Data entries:

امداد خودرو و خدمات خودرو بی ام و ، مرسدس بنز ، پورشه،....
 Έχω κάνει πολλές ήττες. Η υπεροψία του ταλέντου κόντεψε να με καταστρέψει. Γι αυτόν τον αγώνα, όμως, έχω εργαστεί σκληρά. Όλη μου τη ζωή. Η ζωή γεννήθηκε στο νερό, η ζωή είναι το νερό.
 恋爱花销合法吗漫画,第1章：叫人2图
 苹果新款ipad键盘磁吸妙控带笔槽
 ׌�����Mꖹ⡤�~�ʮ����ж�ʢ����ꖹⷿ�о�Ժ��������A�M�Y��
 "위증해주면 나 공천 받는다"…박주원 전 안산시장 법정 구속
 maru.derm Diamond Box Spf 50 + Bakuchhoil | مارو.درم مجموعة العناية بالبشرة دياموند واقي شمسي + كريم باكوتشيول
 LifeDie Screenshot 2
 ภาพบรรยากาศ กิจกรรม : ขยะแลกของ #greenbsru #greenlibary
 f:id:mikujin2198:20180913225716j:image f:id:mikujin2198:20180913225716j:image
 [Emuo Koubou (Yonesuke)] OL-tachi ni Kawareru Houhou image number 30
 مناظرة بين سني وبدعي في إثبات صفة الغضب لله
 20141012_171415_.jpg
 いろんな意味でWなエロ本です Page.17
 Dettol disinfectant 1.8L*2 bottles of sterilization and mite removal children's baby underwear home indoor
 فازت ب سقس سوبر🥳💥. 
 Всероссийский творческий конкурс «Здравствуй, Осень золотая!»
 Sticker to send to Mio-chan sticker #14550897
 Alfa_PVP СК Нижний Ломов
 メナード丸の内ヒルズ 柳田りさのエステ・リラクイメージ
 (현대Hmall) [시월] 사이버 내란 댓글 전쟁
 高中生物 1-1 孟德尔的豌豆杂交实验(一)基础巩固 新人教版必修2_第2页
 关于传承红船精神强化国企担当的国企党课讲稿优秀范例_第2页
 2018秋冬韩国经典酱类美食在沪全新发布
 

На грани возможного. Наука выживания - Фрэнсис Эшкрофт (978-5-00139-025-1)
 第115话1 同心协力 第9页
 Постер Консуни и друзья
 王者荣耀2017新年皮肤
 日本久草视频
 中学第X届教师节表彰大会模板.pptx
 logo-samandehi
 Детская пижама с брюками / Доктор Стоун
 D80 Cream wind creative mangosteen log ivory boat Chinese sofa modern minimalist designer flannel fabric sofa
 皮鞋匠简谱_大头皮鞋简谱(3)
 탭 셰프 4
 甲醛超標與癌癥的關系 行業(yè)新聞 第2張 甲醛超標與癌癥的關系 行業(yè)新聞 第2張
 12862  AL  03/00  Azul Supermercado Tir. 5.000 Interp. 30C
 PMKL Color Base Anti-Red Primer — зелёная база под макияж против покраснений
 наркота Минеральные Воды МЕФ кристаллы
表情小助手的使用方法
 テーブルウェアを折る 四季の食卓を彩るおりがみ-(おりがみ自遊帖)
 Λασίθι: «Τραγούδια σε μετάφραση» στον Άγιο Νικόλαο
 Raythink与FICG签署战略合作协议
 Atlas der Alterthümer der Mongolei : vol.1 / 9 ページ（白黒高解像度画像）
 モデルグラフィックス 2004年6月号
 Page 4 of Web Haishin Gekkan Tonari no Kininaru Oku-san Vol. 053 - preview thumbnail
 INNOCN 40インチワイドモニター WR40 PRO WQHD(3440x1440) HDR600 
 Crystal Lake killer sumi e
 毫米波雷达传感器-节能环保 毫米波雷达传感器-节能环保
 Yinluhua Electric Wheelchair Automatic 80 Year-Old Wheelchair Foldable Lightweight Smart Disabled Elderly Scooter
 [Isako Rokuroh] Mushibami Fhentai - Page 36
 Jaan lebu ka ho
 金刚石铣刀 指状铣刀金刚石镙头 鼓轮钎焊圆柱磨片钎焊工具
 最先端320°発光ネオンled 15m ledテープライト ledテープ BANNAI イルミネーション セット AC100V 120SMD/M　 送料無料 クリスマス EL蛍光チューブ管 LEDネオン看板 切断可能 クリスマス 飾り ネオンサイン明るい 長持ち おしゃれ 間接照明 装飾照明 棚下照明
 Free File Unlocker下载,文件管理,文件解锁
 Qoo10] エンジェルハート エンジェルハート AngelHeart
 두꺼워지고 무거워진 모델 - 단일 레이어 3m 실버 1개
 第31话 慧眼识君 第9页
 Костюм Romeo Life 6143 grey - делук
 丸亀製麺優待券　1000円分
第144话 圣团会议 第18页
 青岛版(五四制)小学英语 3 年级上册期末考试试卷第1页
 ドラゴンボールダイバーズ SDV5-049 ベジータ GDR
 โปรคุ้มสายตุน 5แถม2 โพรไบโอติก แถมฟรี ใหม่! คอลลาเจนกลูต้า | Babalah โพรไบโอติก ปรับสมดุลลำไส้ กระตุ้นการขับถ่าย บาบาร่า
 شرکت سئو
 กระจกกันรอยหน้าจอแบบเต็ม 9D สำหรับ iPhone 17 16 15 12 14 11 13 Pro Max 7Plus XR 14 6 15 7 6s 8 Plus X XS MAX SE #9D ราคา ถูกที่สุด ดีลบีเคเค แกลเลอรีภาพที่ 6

### [REQUIRED ACTION]
All lines of the data that hold "Page" need to be copied.

### [RESULT]
 いろんな意味でWなエロ本です Page.17
 Page 4 of Web Haishin Gekkan Tonari no Kininaru Oku-san Vol. 053 - preview thumbnail
 [Isako Rokuroh] Mushibami Fhentai - Page 36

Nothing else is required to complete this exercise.